Vedic Cosmos/Mathematics/Verified Numbers

The Numbers Don't Lie

Nine measurements from ancient Indian texts — compared directly against modern values. The error margins speak for themselves.

Pi (π)

Aryabhata · 499 CE

Exceptional — Error <0.1%

Ancient Value

62,832 / 20,000 = 3.1416

Modern Value

3.14159265...

Error

~0.01%

How They Calculated It

Encoded in the Aryabhatiya (Ganitapada 10) as: "Add four to 100, multiply by eight, and add 62,000. This gives the circumference of a circle with diameter 20,000." Aryabhata used the word asanna (approached) — recognising Pi as irrational 1,200 years before European proof.

Why It Matters

The most accurate value of Pi in the world at the time. Surpassed in Europe only in the 15th century.

Sidereal Day (Earth's rotation)

Aryabhata · 499 CE

Exceptional — Error <0.1%

Ancient Value

23h 56m 4.1s

Modern Value

23h 56m 4.091s

Error

<0.01 seconds

How They Calculated It

Derived from the number of Earth rotations in a 4.32 million year Maha Yuga: 1,582,237,500 rotations. Dividing the total seconds in a Maha Yuga by this number yields the sidereal day. Aryabhata's method implicitly recognised Earth's axial rotation — not celestial sphere rotation.

Why It Matters

A 5th-century calculation that is accurate to within one-hundredth of a second. This precision was not matched in the West until the 17th century telescope era.

Earth's Circumference

Aryabhata · 499 CE

Excellent — Error <2%

Ancient Value

24,835 miles (39,968 km)

Modern Value

24,902 miles (40,072 km)

Error

0.27%

How They Calculated It

Aryabhata used a combination of shadow measurements and his own calculated value of Earth's diameter.

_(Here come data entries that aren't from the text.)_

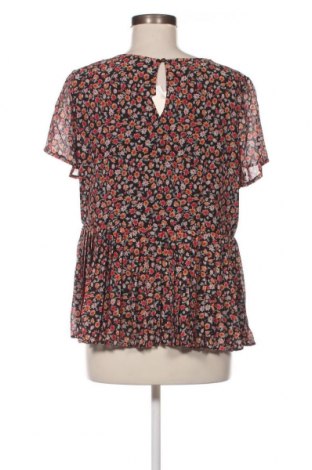 Damen Shirt, Größe L, Farbe Mehrfarbig, Preis 15,98 €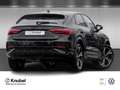 Audi Q3 Sportback S line 40 TDI S tronic Matrix 20" AHK... Schwarz - thumbnail 2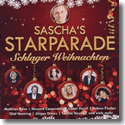 Sascha??s Starparade: Schlager Weihnachten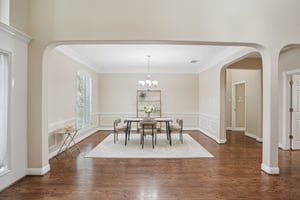 Rivercoach Ln-S1001-014r.jpg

His value for Earth's diameter was 1,050 yojanas, which with his yojana definition yields a circumference very close to modern values.

Why It Matters

More accurate than Eratosthenes (c. 240 BCE, ~2–15% error depending on stadium definition). Aryabhata achieved this 940 years later with greater precision.

Moon's Sidereal Period

Surya Siddhanta · c. 400 CE

Exceptional — Error <0.1%

Ancient Value

27.322 days

Modern Value

27.32166 days

Error

<0.001%

How They Calculated It

Encoded as the number of Moon revolutions in a Maha Yuga: 57,753,336. Dividing the Maha Yuga days by this number yields the sidereal period. This method — using enormous cyclical numbers as denominators — inherently averages out short-term observation errors.

Why It Matters

The most precise ancient determination of any astronomical period — accurate to better than 1 part in 100,000.

Earth's Diameter

Surya Siddhanta · c. 400 CE

Excellent — Error <2%

Ancient Value

8,000 miles (1,600 yojanas × 5 mi)

Modern Value

7,918–7,928 miles

Error

~0.9%

How They Calculated It

Using the scaling unit "yojana" (approximately 5 miles per yojana in this context). The Surya Siddhanta gives Earth's diameter as 1,600 yojanas.

Why It Matters

Less than 1% error in a 5th-century calculation — better than any European estimate before the 17th century.

Mercury's Diameter

Surya Siddhanta · c. 400 CE

Excellent — Error <2%

Ancient Value

3,008 miles

Modern Value

3,032 miles

Error

<1%

How They Calculated It

The Surya Siddhanta uses a scaling law where apparent diameter is proportional to orbital radius (D ∝ R). This allowed calculation of planetary diameters from observed angular sizes.

Why It Matters

Sub-1% accuracy for a planet's diameter without a telescope is extraordinary. The Surya Siddhanta also gives Saturn's diameter as 73,882 miles (modern: 74,580 miles — error: ~1%).

Precession of Equinoxes

Varahamihira · 505 CE

Excellent — Error <2%

Ancient Value

50.32 arcseconds/year

Modern Value

50.27 arcseconds/year

Error

<0.1%

How They Calculated It

Varahamihira calculated the rate at which the equinox "precesses" westward — the wobble of Earth's axis that shifts the apparent positions of stars over millennia. He was the first to quantify this.

Why It Matters

The most accurate ancient measurement of precession. Europe did not measure this value until Tycho Brahe (1588 CE) — 1,083 years later.

√2 (Square Root of Two)

Baudhayana (Sulbasutras) · c. 800 BCE

Excellent — Error <2%

Ancient Value

577/408 = 1.41421568...

Modern Value

1.41421356...

Error

<0.001%

How They Calculated It

The Baudhayana Sulbasutra (c. 800 BCE) gives this rational approximation for √2: "The diagonal of a square whose side is 1 unit is 577/408." This was needed to construct accurate altars with diagonal proportions.

Why It Matters

2,800 years ago, Indian mathematicians calculated √2 to 5 significant figures. This predates Pythagoras by ~250 years.

Speed of Light

Sayana (commentary on Rig Veda 1.50.4) · c. 1350 CE

Contested — Under scholarly debate

Ancient Value

2,202 yojanas/half-nimisha ≈ 186,000 mi/s

Modern Value

186,282 miles/second

Error

~0.26% (with 9 miles/yojana definition)

How They Calculated It

Sayana wrote: "The Sun traverses 2,202 yojanas in half a nimisha." Using 9 miles/yojana and 8/75 seconds for half a nimisha: 2,202 × 9 ÷ (8/75) = 185,794 miles/second. Note: This is Sayana's 14th century commentary — the original Rig Veda verse may refer to the Sun's light, not the Sun itself. The calculation is contested but the numerical coincidence is remarkable.

Why It Matters

If the yojana and nimisha values are as defined, this is a sub-1% match to the speed of light — in a medieval Sanskrit commentary. Whether intentional or coincidental remains debated.